Information supplied:
------------------------

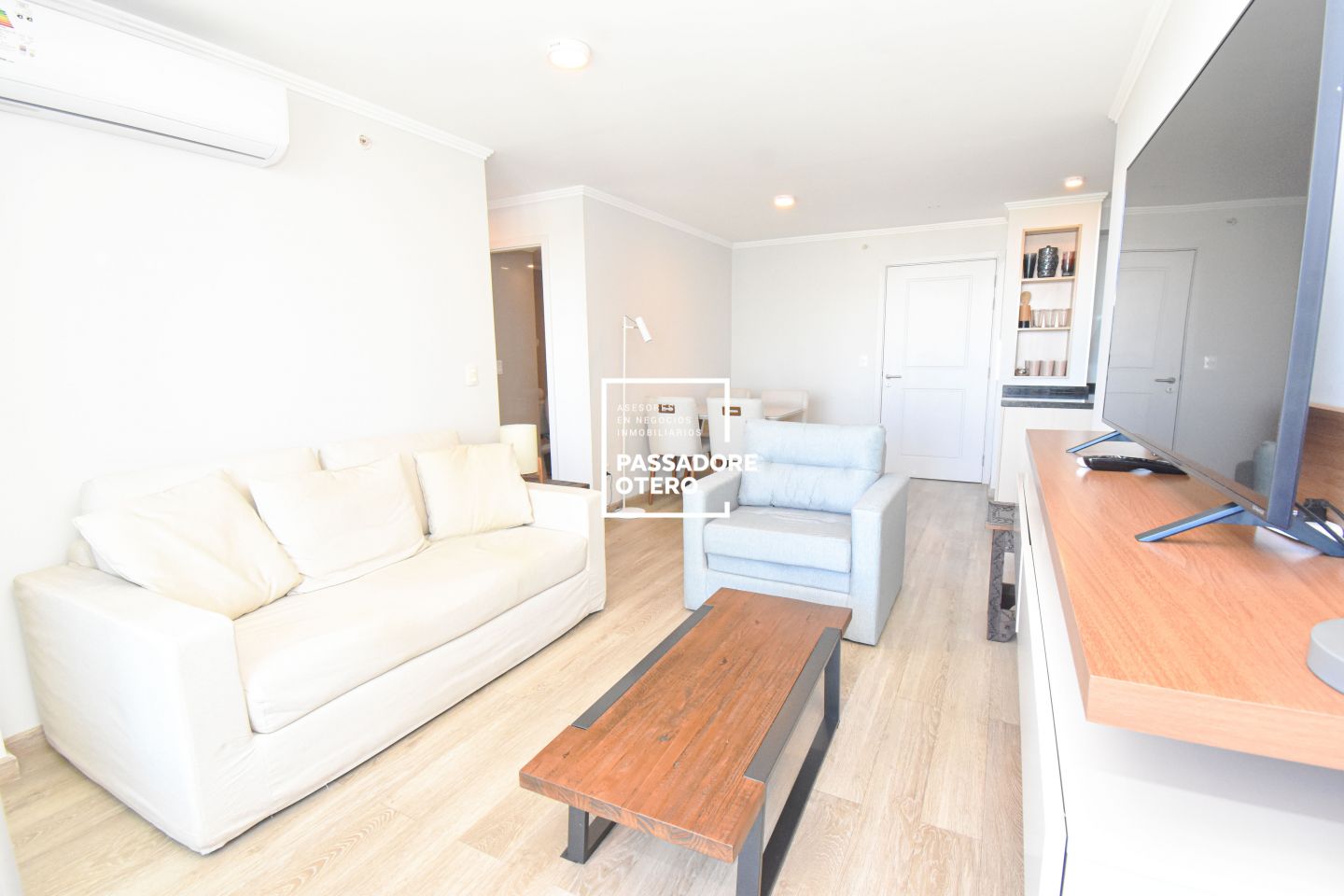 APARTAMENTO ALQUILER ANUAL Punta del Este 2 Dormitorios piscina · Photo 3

------------------------

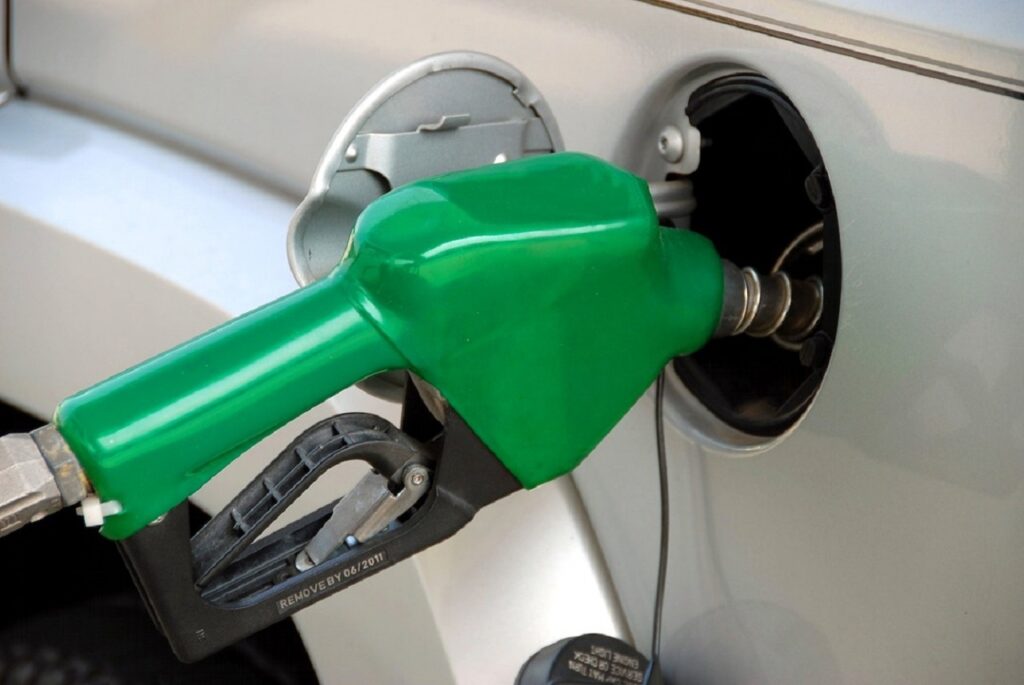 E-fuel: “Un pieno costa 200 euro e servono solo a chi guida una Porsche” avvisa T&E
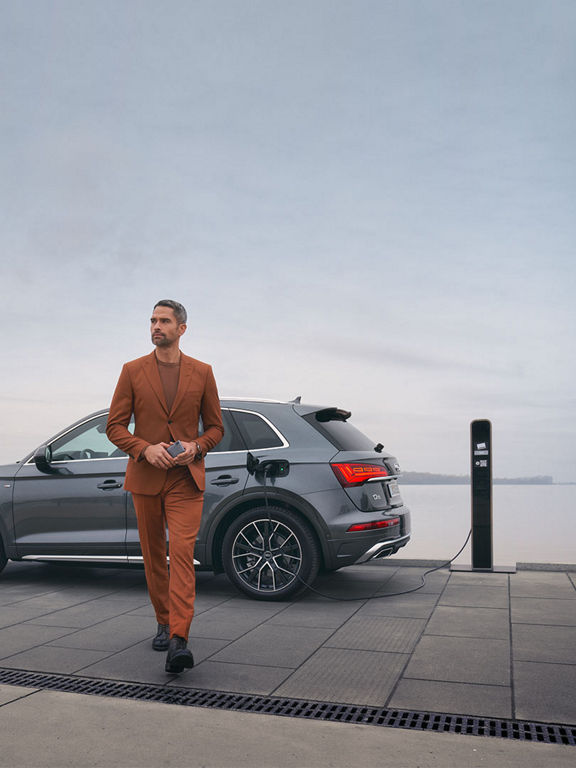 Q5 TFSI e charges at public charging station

------------------------

Work to complete: Your answer must be the lines above from the one holding "pieno costa 200" up to and including the one holding "Q5 TFSI e charges at public charging station", exact and with no pictures.

Solution to the exercise:
 E-fuel: “Un pieno costa 200 euro e servono solo a chi guida una Porsche” avvisa T&E
 Q5 TFSI e charges at public charging station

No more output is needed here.